In this section, I briefly introduce situations where the score not $1$ or $-1$.

In the initial set up, you get either $+1$ or $-1$ at each flip. You can assume that at each step, you get a score that is "randomly chosen" on $\mathbb{R}$. By "randomly chosen", I mean that a each step, you get a score that follow a specific distribution (gaussian, exponential, etc...). We still assume the i.i.d. property.

1. Gaussian score

You can imagine that at each step, you will get a score that follow a normal distribution, denoted $\mathcal{N}(0,1)$. the score is no longer an integer but a real number.

Theorem If $S_n:=X_1,...X_n$ are $n$ i.i.d. gaussian variables, the variable $S_n$ follows the distribution $\mathcal{N}(0,n)$.

This theorem is interesting because in this case, the probability for the score to be higher than a certain level can be expressed with the error function $\text{erf}$.

To conclude the gaussian case, if the current score is at level $a\in\mathbb{R}$, the probability of getting a score higher than $b\in\mathbb{R}$ after flipping $n$ coins is:

$$\frac{1-\text{erf}\left(\frac{b-a}{\sqrt{n}}\right)}{2}.$$

This can be proved by a bit of algebras.

2. Exponential case

You can also assume that the score you get follows an exponential distribution. At each step, you get a positive number.

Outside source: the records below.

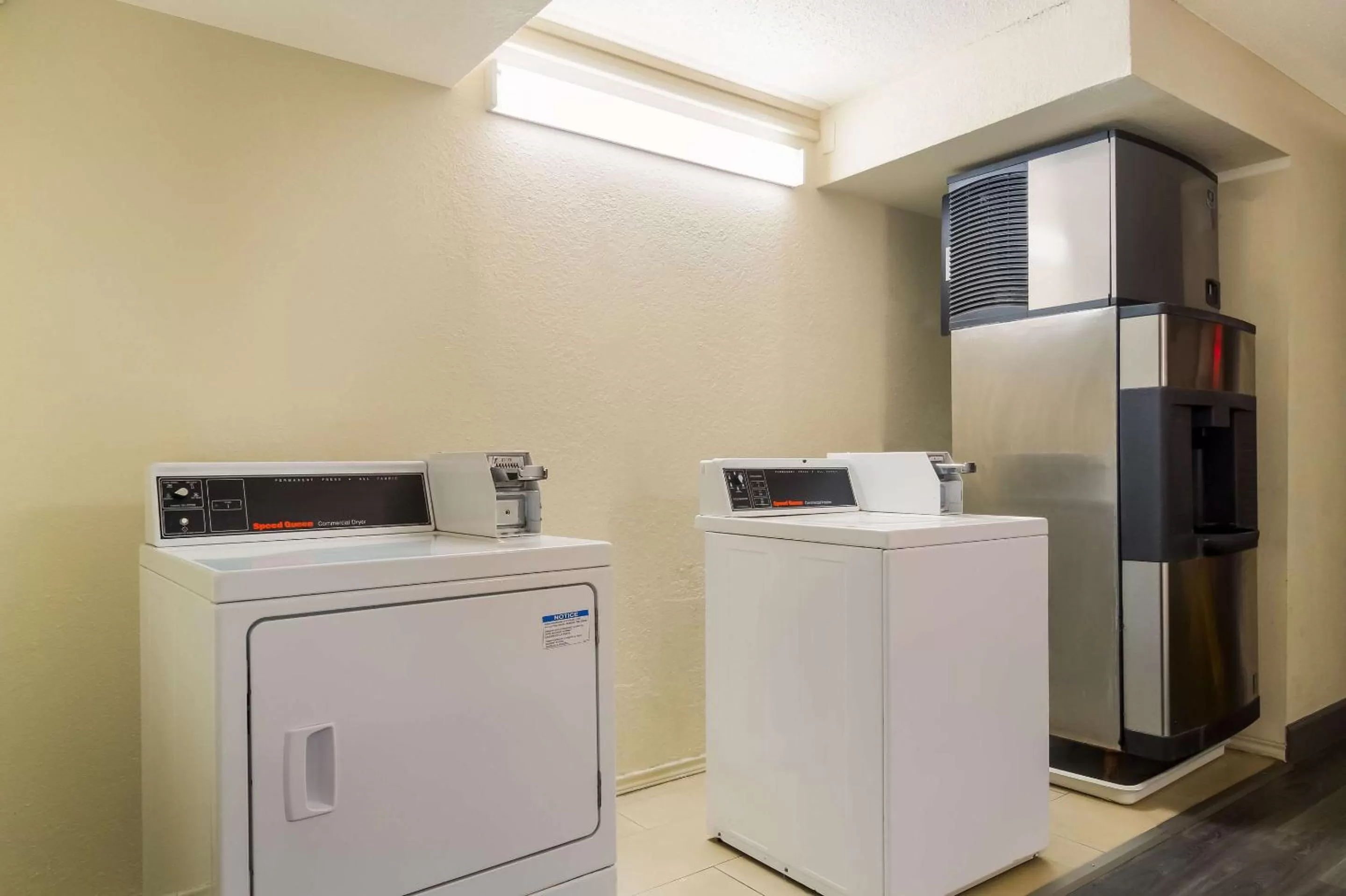 laundry in Clarion Pointe Lake Jackson - Clute
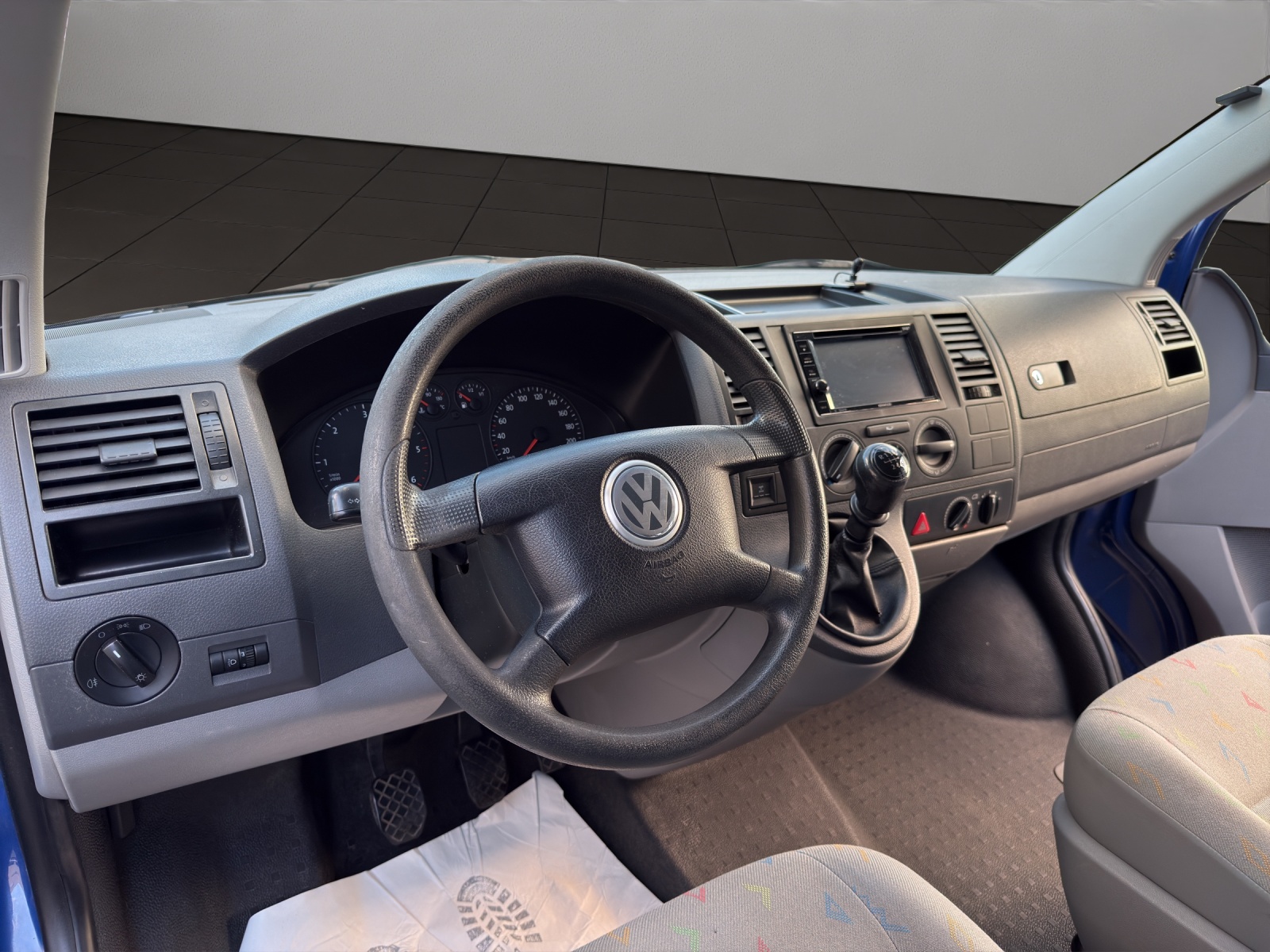 VW T5 Caravelle Trend 2.5TDI PD 4M-image-9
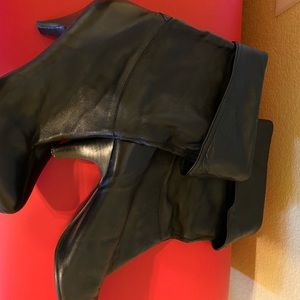 Black leather Argentinian boots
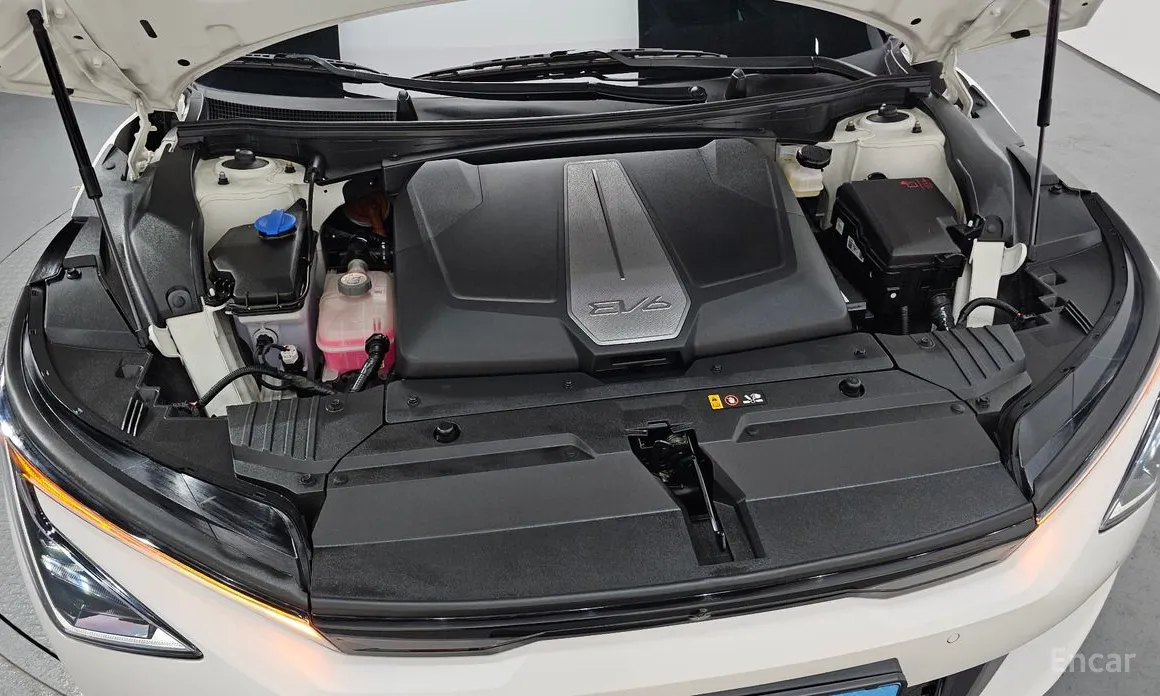 Фото 6 - Kia EV6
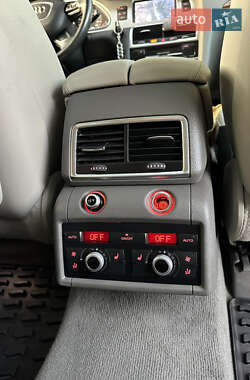 Позашляховик / Кросовер Audi Q7 2013 в 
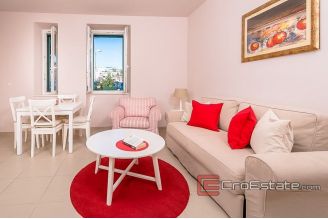 19 2018 118 Split stone house for sale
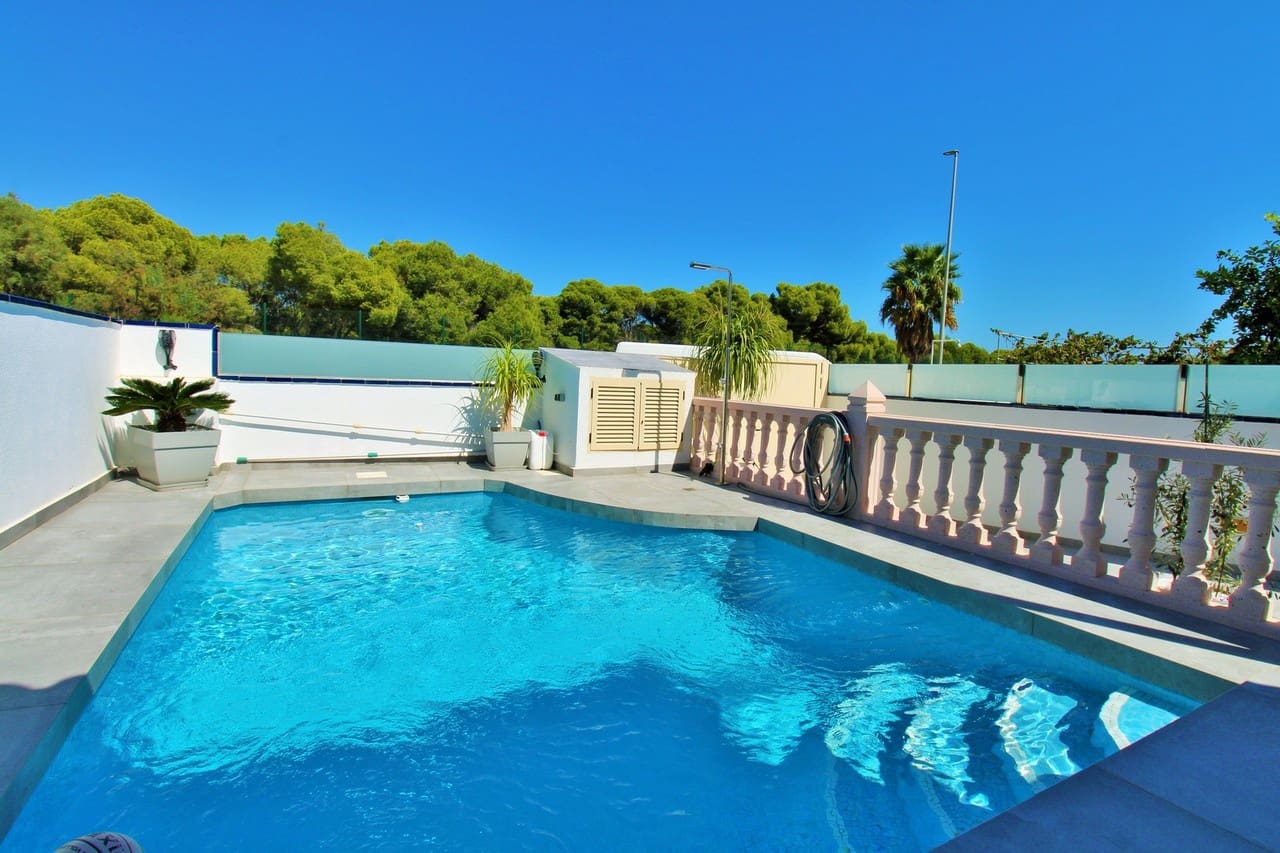 3 slaapkamer Villa te koop in Pilar de la Horadada met zwembad - € 395.000 (Ref: 10128179)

Theorem If $S_n:=X_1,...X_n$ are $n$ i.i.d. exponential distribution of parameter $\lambda>0$, the variable $S_n$ follows a gamma distribution $\Gamma(n,\lambda)$.

The case is also interesting since the cumulative distribution of this distribution is expansively studied in the literrature.

The probability you are looking for is then:

$$1-\frac{\gamma(n, \lambda(b-a))}{\Gamma(n)}$$

where $\gamma$ is the incomplete gamma function.

Simple non-i.i.d. situation

You can also imagine a situation where the flips are not independent. To this aim, you can model a sequence of $n$ flips as a sequence of $n$ gaussian variable. To describe the correlation, you need to know the correlation matrix, usualy denoted $\Sigma$.

The distribution followed by the by the sum of gaussian variables (here the score) follows a multivariate normal distribution. You can then apply some well known properties on this disbtribution to find the desied propbability.

I know that it is quite brief. Detailing all of these situations would require a lot of properties. It is more an overview of what you can do without knwowing hard probabilities.